As you can see, I finished off the armour, added weaponry and then stuck a barrel (from Ainsty) on top and used some strands of electrical wire as hoses leading from the barrel to the flamers. The weapons are all from the Baneblade sprues.
OK, I'll admit that while I was out I did happen to pick up a few more cars:
|Two repeats, in different colours to ones I have already|
|...and 5 new car models. Or 4 new cars and 1 (pick-up) truck|
That takes the count to 20 new car models; 4 left on my allowance.
OK, that's enough for that aside, back to business. This afternoon I got everything set up for airbrushing. I decided that it would make sense to do my airbrushing technique try-outs alongside working on the road-sweeper. I'll be working on two car bodies for these.
After letting the primer cure for a while, I moved on to doing the road-sweeper's basecoat and the first steps on the test cars.
The basecoat on the road-sweeper was a mix of plate-mail primer, black paint and then some chrome to brighten it (I'd added too much black) plus a bit of thinner.
For the test cars, the basecoats were these inks:
The silver ink didn't come out very well, possibly because of the white primer. In both cases, the metallic ink was thicker than I'd anticipated and I had trouble spraying it (even with added thinners). I'll have to remember to dilute it and use the Revolution (it has a larger needle).
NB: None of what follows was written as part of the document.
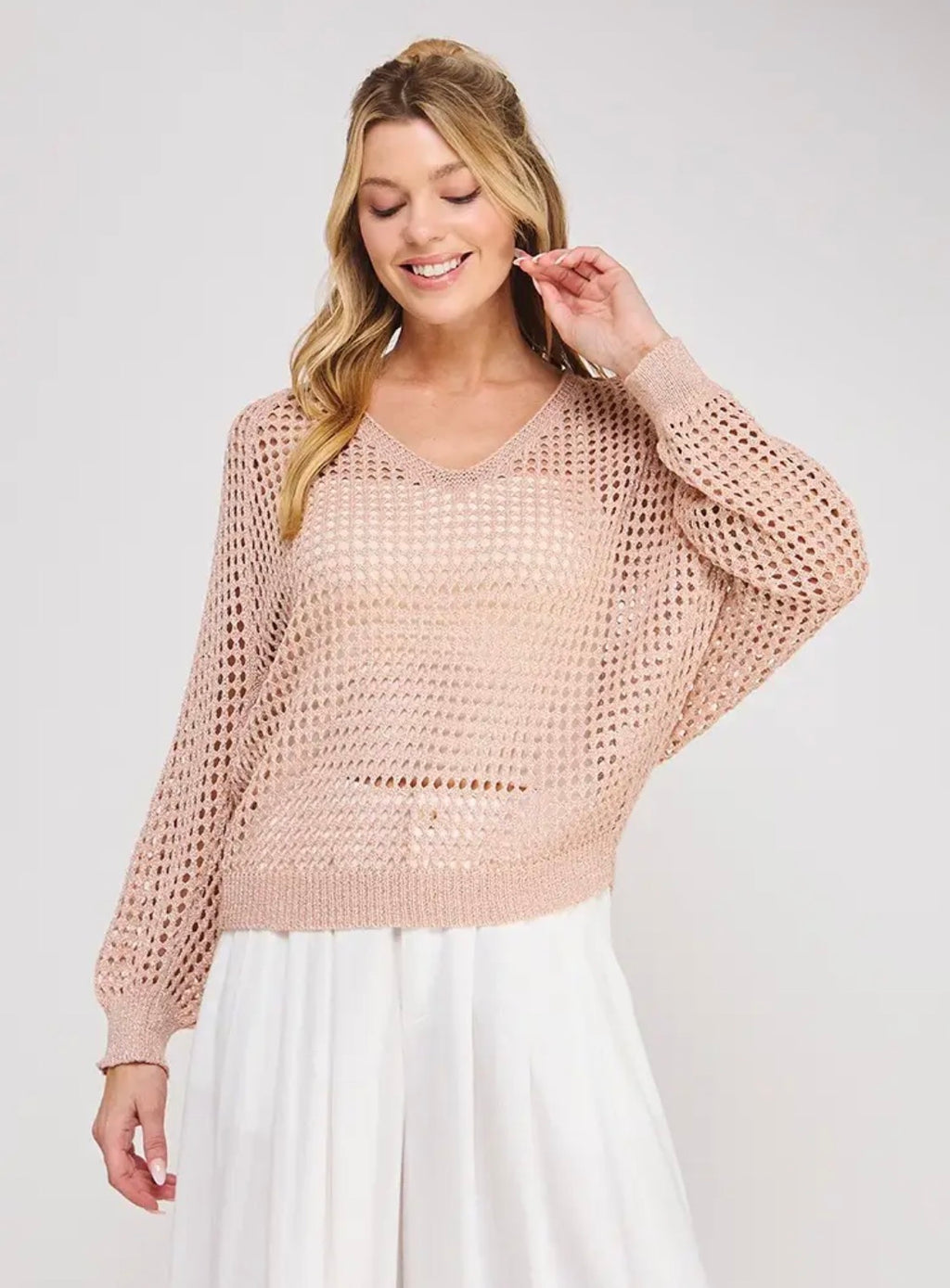 Open Weave Shimmer Top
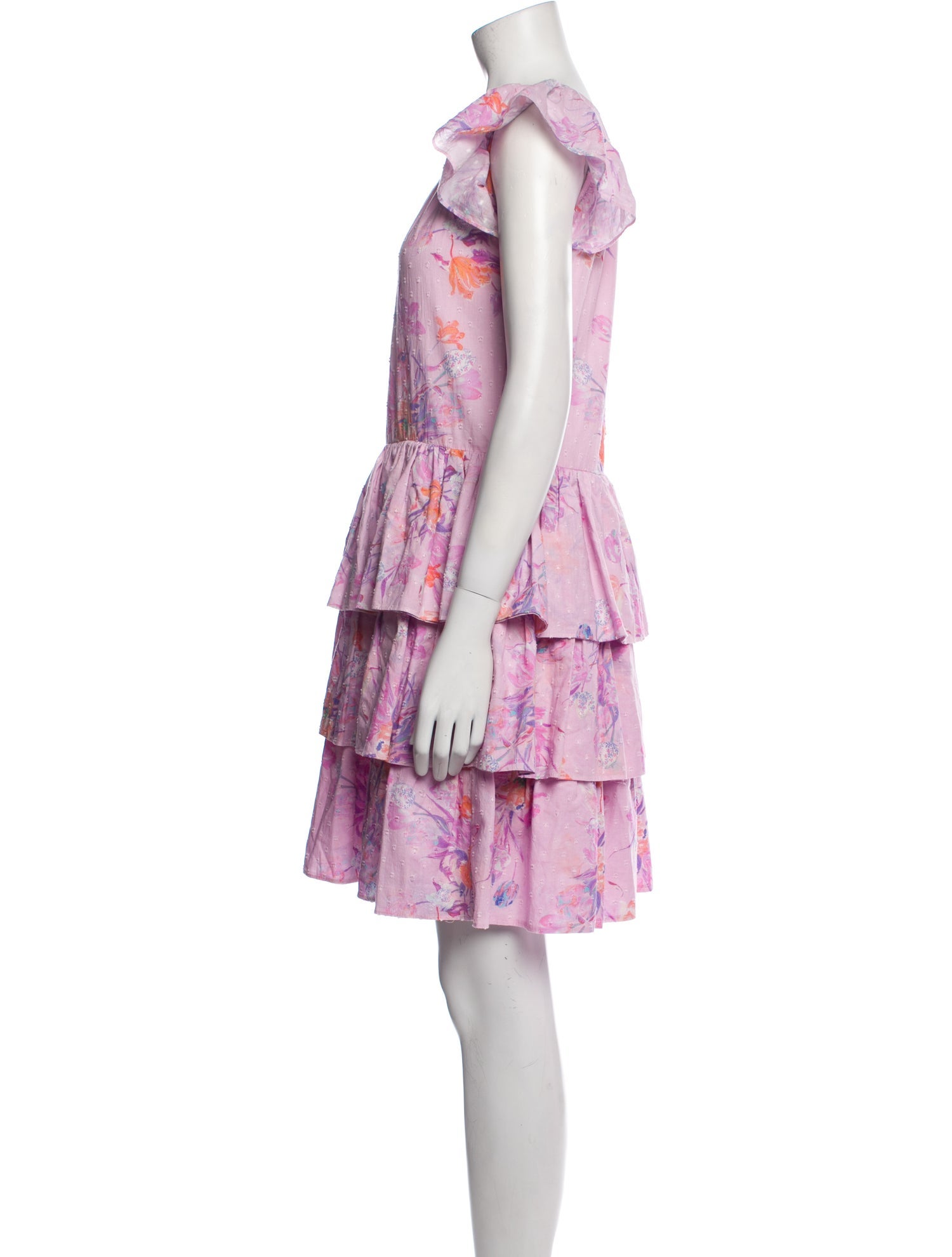 LoveShackFancy Floral Print Knee-Length Dress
I'll be doing colour graduations on the test cars, using semi-transparent inks. Over the gold the gradient will be yellow/orange/red; over the silver it will be light to dark green.
Piccy with the first stage of the gradients:
You might be wondering what use this technique is. Well, it's good for flame effects when combined with vinyl masks. using semi-transparent colours over the metallic base gives an interesting sheen.
I might get the rest of the gradients done tonight; I'll certainly get the next stage done.